It would be a great outfeed and also double up for plenty of other duties, small ride on lawnmower
is likely the heaviest think would need.
Not looked into all designs, but three that stand out
Mainly looking into these designs
The Harbor freight one looks about the size I want, and drops down nice and low,
be low enough to lift something heavy and awkward onto.

( bit long for inbetween saws )

500 lb. Capacity Hydraulic Table Cart450 × 450

Not looked much into this Felder one below,
It doesn't seem like it drops as low as the Harbor Frieght, too big for what I want,
but that doesn't mean it can't be made smaller.

FAT 300 S Working Tables| Felder Shop | Felder Group Shop

And then Marius's Hornberger's design which is worth a mention.
Homemade Wooden Lifting Table - YouTube

Perfect size for me, bit shorter than the rest, no need for it to lift so high though.
The problem is the screw looks too slow for my needs, and needs an expensive thread,
compared to a likely expensive hydraulic ram, which I have no clue about at all, apart from using a car jack a few times.
Would love to see if I could acquire one for cheap, should they be available from something else,
I don't need it for to be reliable under strain if that helps to get one cheaper, as the foot pump looks the best method.

What I have at hand is a car jack like below.
I was thinking I could make do with a two or even three stage lift for use the jack, at least for a while to see if I could get by with that.
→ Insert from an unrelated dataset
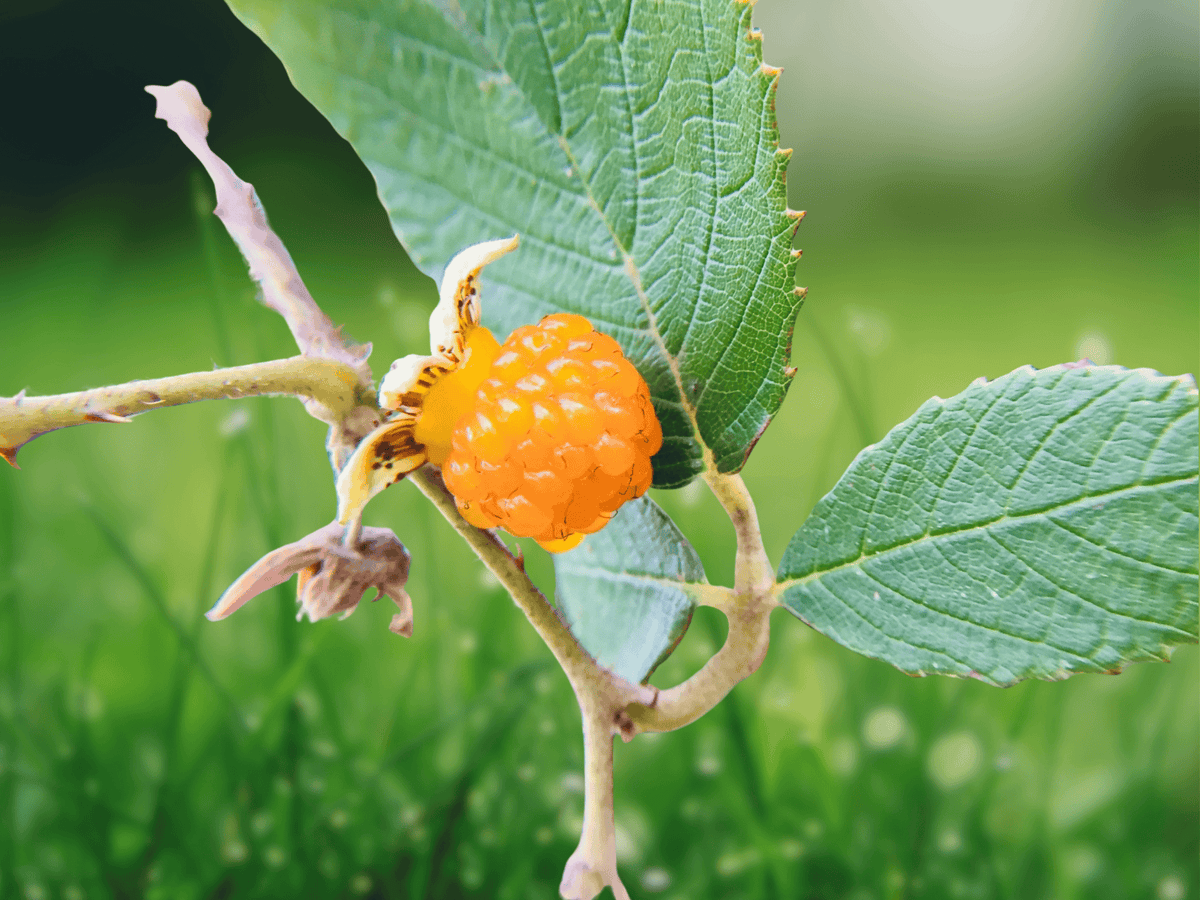 10 Seeds Himalayan Golden Raspberry (Rubus ellipticus) Live Seeds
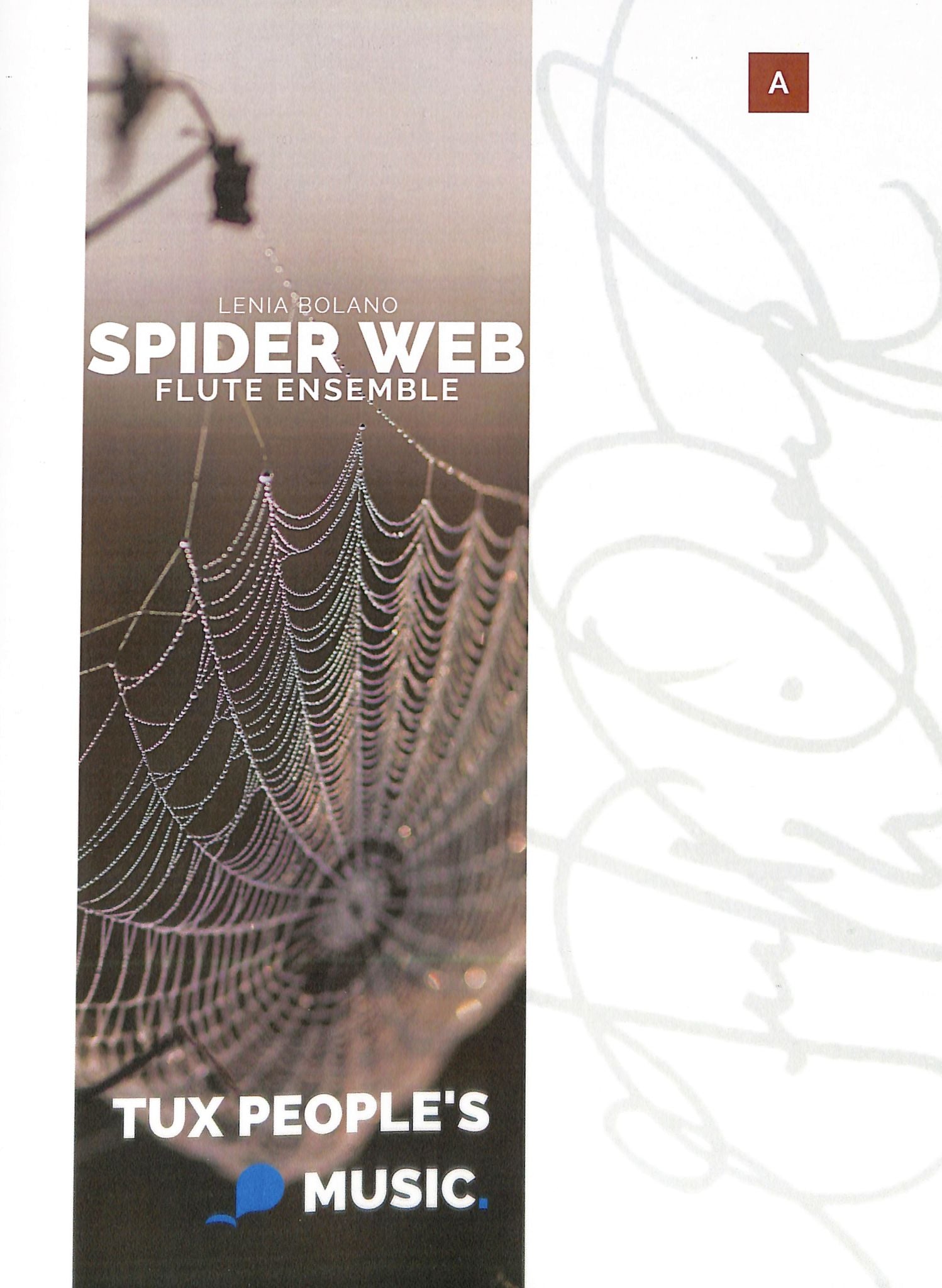 Bolano, L :: Spider Web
Even the jacking point got tired of the stupidity : r/Justrolledintotheshop
So apart from my ram question, I have some more...
Before I even think about getting some scrap pine to mock up,
Do you think it's necessary to have a dual or stacked scissor lift like Marius's design,
or could it be accomplished with a single pair of (legs?)

I know I can just mock it up, but just asking should anyone have seen something else like what I'm looking for.
Love to see some more examples, these must exist.
Strange not to see more of these harbor freight ones about, as they look dandy, (bar the handle which could be seemingly much improved, should it not fold down.)

Thanks for reading

If I was going to build one, unless I wanted to move it about with heave loads on it I'd think about making the wheels retract (have the frame close to the floor to start with) load bearing wheels are very expensive, I'd save the money to put into the frame, definitely use a hydraulic ram and make sure to have a chocking mechanism that drops into place as the table lifts. I have never built one but inspected a lot in my old job. I have seen a lot of failures, never any nasty accidents but some very close calls. One issue with the Harbor freight type is the load they can lift and the position it should be centered about change as the table lifts - obvious I know but sometimes forgotten. I would not use wood for the frame, the place most of these fail is not the pin joints but the point where the frame houses what ever supports the pin.
Thanks Ozi
I was going to add that I won't be lifting anything too heavy, small ride on lawnmower or workbench about the max load I need.
Not lifting cars, and can chop and change casters should large ones be in the way.
No issue should something with a suitable ram be available for dubiously cheap prices,
I'm OK with that, as anything heavy doesn't need be lifted much more than an inch or two.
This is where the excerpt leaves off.